**Problem to work on**
Pull each line holding "White" out of the entries below.

**Listed entries**
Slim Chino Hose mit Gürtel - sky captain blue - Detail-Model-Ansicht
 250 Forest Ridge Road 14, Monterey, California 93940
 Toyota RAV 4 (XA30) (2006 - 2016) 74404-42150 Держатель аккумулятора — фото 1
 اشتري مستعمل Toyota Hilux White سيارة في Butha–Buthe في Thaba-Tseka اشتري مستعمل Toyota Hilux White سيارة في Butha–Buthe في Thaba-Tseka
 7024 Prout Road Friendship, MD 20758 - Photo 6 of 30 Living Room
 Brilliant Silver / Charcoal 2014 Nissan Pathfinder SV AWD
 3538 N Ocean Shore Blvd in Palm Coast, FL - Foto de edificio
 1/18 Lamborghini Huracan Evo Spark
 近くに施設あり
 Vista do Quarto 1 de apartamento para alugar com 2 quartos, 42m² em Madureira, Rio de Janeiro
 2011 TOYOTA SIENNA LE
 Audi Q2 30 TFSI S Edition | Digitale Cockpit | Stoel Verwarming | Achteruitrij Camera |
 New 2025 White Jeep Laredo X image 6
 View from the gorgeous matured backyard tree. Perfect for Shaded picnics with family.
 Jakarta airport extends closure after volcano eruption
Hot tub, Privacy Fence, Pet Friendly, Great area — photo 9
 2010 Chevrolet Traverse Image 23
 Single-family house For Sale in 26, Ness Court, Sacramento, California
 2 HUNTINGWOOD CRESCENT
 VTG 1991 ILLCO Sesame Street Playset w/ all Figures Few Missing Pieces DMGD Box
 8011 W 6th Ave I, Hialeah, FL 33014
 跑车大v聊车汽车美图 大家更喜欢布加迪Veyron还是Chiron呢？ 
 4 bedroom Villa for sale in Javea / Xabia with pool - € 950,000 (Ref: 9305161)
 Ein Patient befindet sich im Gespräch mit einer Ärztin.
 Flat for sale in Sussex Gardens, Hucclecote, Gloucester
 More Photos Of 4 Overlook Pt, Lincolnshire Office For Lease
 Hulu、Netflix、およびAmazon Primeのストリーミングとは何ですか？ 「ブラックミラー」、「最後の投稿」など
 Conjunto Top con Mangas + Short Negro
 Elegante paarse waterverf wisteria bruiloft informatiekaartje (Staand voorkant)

**Response for this exercise**
 اشتري مستعمل Toyota Hilux White سيارة في Butha–Buthe في Thaba-Tseka اشتري مستعمل Toyota Hilux White سيارة في Butha–Buthe في Thaba-Tseka
 New 2025 White Jeep Laredo X image 6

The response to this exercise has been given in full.